RECORD SET:
★ ★ ★ ★
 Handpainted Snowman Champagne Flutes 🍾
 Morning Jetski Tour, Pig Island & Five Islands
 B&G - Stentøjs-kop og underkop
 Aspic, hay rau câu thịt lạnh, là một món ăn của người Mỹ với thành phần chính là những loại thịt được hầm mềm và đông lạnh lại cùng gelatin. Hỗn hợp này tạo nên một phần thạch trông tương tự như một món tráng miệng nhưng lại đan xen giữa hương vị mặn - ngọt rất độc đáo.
★ ★ ★ ★
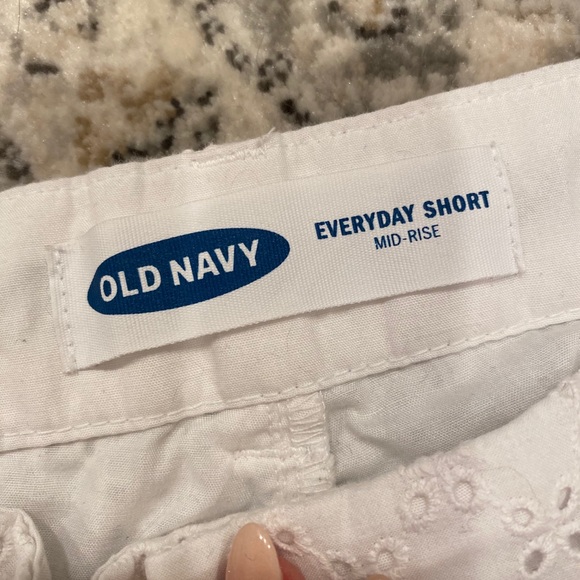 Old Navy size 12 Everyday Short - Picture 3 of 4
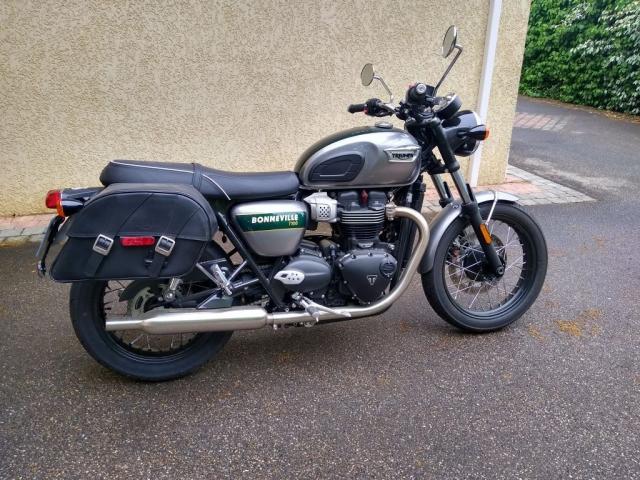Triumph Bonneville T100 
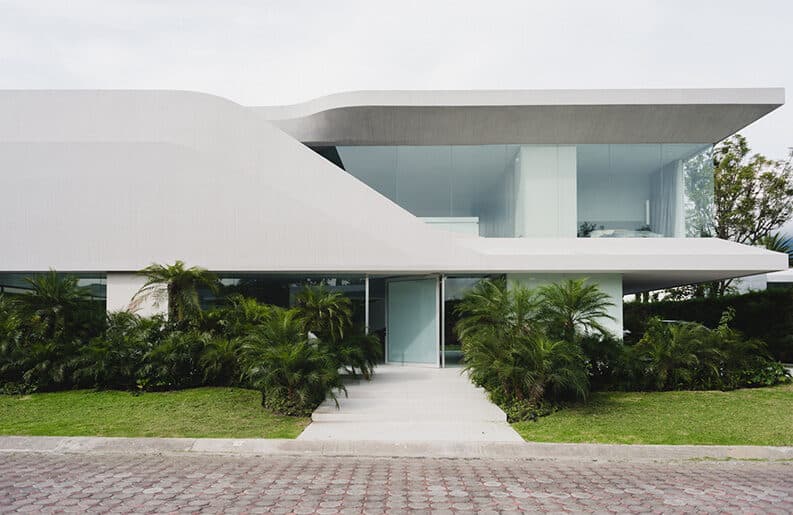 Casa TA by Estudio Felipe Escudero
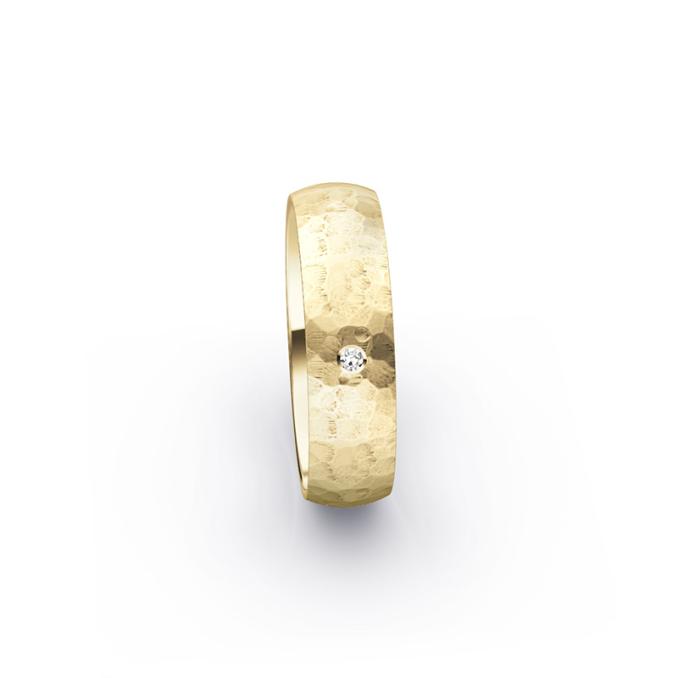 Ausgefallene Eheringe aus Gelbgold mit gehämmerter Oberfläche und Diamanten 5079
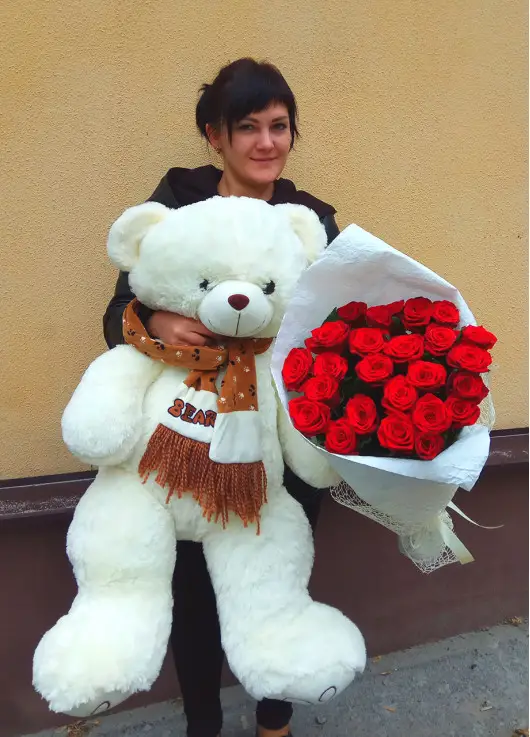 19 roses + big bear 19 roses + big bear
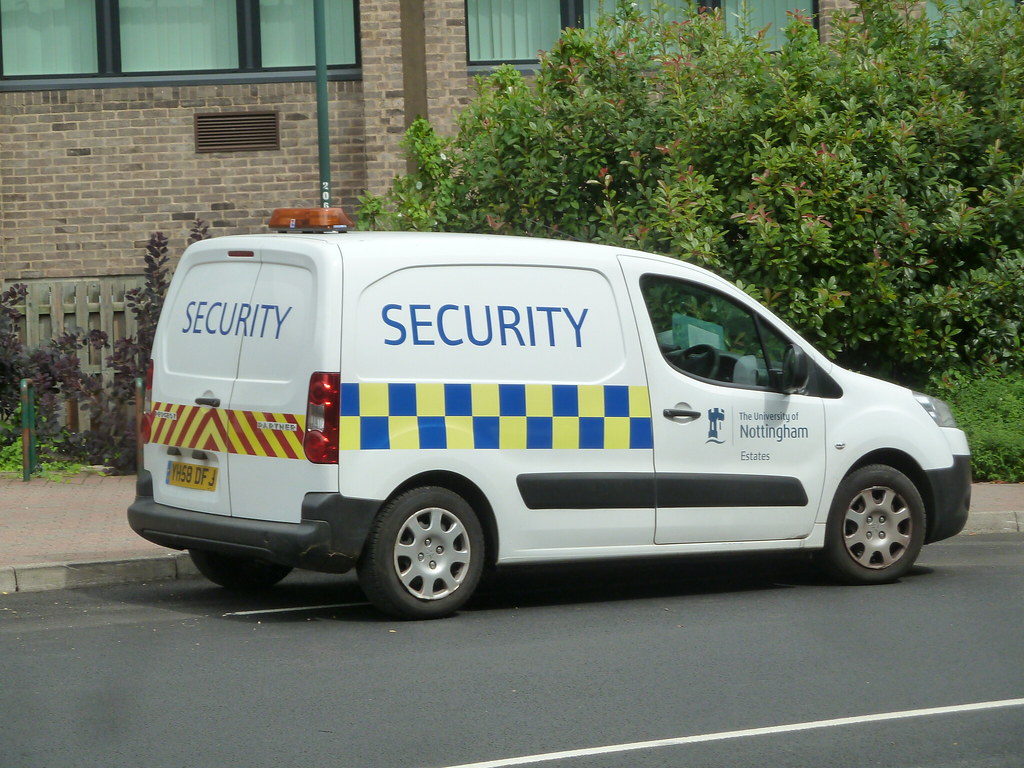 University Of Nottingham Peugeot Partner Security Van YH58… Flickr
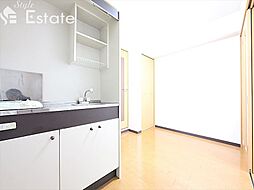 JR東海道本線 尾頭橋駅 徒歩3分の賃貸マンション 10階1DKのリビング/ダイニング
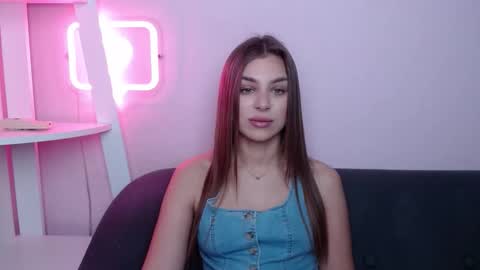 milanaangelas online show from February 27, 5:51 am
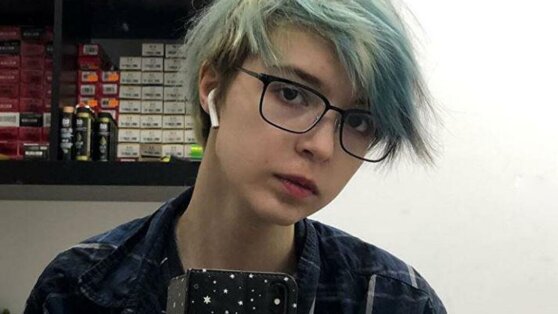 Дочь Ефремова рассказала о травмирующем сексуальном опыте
★ ★ ★ ★
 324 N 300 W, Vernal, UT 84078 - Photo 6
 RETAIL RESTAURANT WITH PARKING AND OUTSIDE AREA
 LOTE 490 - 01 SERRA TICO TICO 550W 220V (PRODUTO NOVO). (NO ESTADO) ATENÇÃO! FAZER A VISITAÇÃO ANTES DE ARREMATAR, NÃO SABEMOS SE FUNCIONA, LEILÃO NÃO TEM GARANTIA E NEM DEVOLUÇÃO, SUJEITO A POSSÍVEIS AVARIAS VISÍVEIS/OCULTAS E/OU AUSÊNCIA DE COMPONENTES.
★ ★ ★ ★
ACTIVITY: There is a line with "324 N 300 W, Vernal, UT 84078 - Photo 6" and a line with "RETAIL RESTAURANT WITH" above. Copy exactly those two lines and all lines between them, with nothing else.

EXERCISE RESULT:
 324 N 300 W, Vernal, UT 84078 - Photo 6
 RETAIL RESTAURANT WITH PARKING AND OUTSIDE AREA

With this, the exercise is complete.